Es ist ein wenig wie in einer Ehe nach einem Seitensprung, wenn beide beschließen, es doch noch einmal miteinander zu versuchen. Der Wille ist da, aber das Vertrauen muss erst wieder wachsen. Die Partner beobachten sich, registrieren jede Verhaltensänderung. Ob der Frieden hält, zeigt sich erst, wenn die Treue wieder auf die Probe gestellt wird. Bei Prokop und der deutschen Mannschaft geht es nicht um Versuchungen, sondern um Stress. Erst während des Turniers wird sich zeigen, ob die Spieler den Vorgaben ihres Trainers vertrauen. Und ob der Trainer seinen Spielern zutraut, schwierige Aufgaben erfolgreich zu lösen.
"Das wissen wir, das weiß auch ich", sagte Prokop einige Wochen vor dem Eröffnungsspiel, als er entspannt in einem Sessel saß und einen Kaffee trank. Der in Köthen nahe Leipzig aufgewachsene Handball-Lehrer hat viel dafür getan, dass die Annäherung nachhaltig ist. Die letzte Sicherheit aber fehlt. Was passiert auf der Trainerbank und was passiert in den Köpfen der Nationalspieler, wenn sie nach 20 Minuten mit vier Toren zurückliegen? Erst unter Druck wird sich erweisen, ob dieses Team und der Bundestrainer eine gemeinsame Zukunft haben. Am Tag vor dem Auftakt sagte Prokop in Berlin: "Wir brauchen die Mannschaft nur noch loszulassen." Die Mischung aus "Anspannung, Nervosität und Vorfreude" hat auch den Trainer erfasst. "Ich bin optimistisch, da ich eine tolle Mannschaft habe, die das schafft."
"Keine populistische Entscheidung"
Vor einem Jahr bei der EM in Kroatien rissen die Gräben erst auf, als es auf dem Spielfeld nicht wie erwartet lief. Die Fehler, die der Novize beging, bekamen erst eine Wucht, als ein erfolgreiches Turnier immer unwahrscheinlicher wurde. Prokop hatte nicht als Fachmann versagt. Aber: "Ich habe mich zu sehr damit beschäftigt, was gesagt oder geschrieben wurde", räumte er ein. Zudem missachtete Prokop die Relevanz einer Hierarchie im Team. Er glaubte, die Mannschaft könne seine Art des Handballs flugs umsetzen, weil es sich ja um die besten Akteure des Landes handelte. Der Bundestrainer machte gravierende Fehler und erschütterte intern und extern Deutschlands wichtigste Handballmannschaft.

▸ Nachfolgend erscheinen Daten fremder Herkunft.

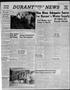 Newspaper: Durant Weekly News and Bryan County Democrat (Durant, Okla.), Vol. 28…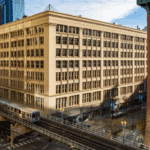 401 S. State Street Sold Out of Distress, Setting Stage for Possible Office Conversion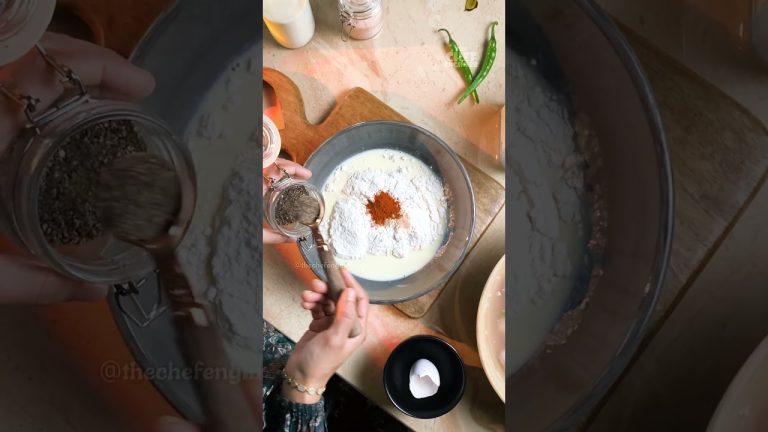 Zero Oil Fried Chicken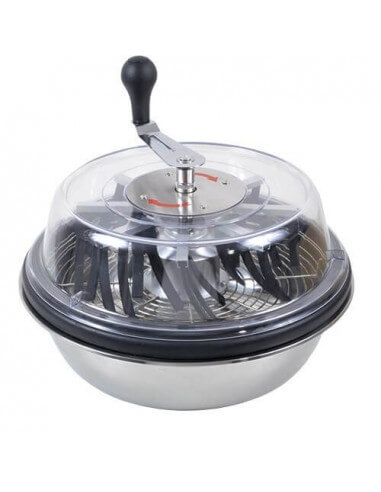 Peladora Bowl Trimmer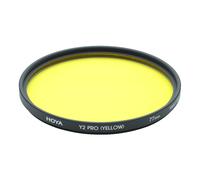 Hoya Y2 PRO YELLOW Yellow camera filter 5.5 cm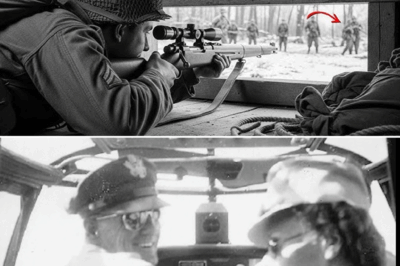 They Rejected His “Illegal” B-25 Modification — Until It Wiped Out 3,000 Japanese in 15 Minutes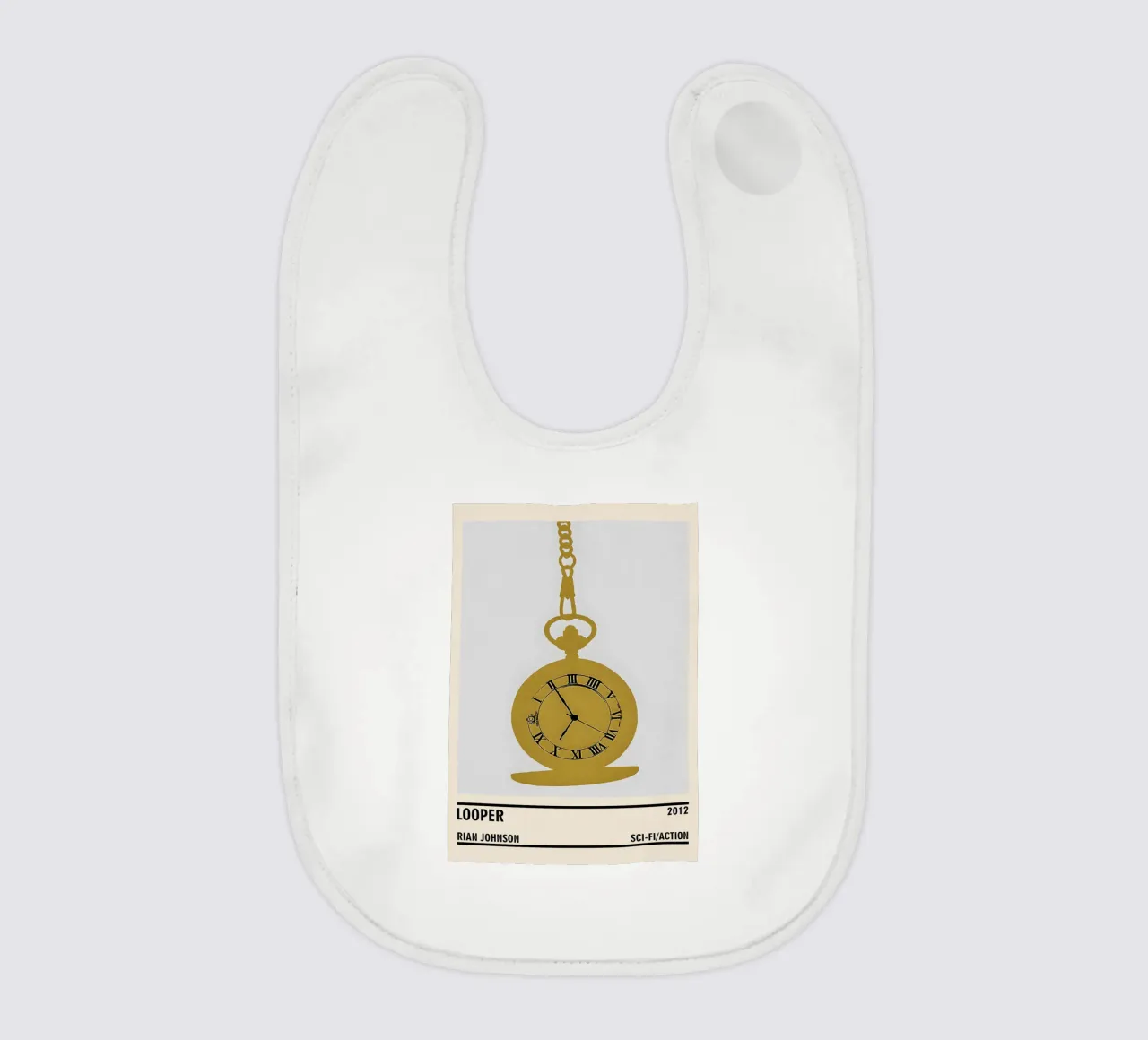 Looper bavaglino da TheArtstudio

Es gab genügend Argumente dafür, sich zu trennen. Doch die Verantwortlichen gaben Prokop eine zweite Chance. "Wir mussten keine populistische Entscheidung treffen, sondern eine, die wir für richtig halten", sagte DHB-Vizepräsident Bob Hanning. Inzwischen deutet sich an, dass sich das Risiko auszahlen könnte. Das Verhältnis zwischen Spielern und Trainer hat sich verbessert. Das bestätigen die Akteure in vertraulichen Gesprächen. Und Prokop gelingt es, seinen Optimismus glaubhaft zu vermitteln.
Das EM-Desaster in Kroatien hatte er zunächst sehr selbstkritisch analysiert. Dann hatte er alle Spieler persönlich von seiner Einsicht überzeugte, Fehler gemacht zu haben. Und er versprach, sie zu korrigieren. Dass er diese Fehler später auch öffentlich einräumte, sorgte für neues Vertrauen. In den Testspielen gegen Tschechien (32:24) und Argentinien (28:13) wirkte das Zusammenwirken harmonischer als noch vor einigen Monaten. Prokop macht in diesen Tagen einen aufgeräumten, einen entspannten Eindruck. Die Vorfreude auf die WM überstrahlte die Furcht vor dem Scheitern. Sein zweites Turnier soll erfolgreich werden. Es muss. Eine dritte Chance wird Prokop nicht bekommen. "Das ist mir bewusst."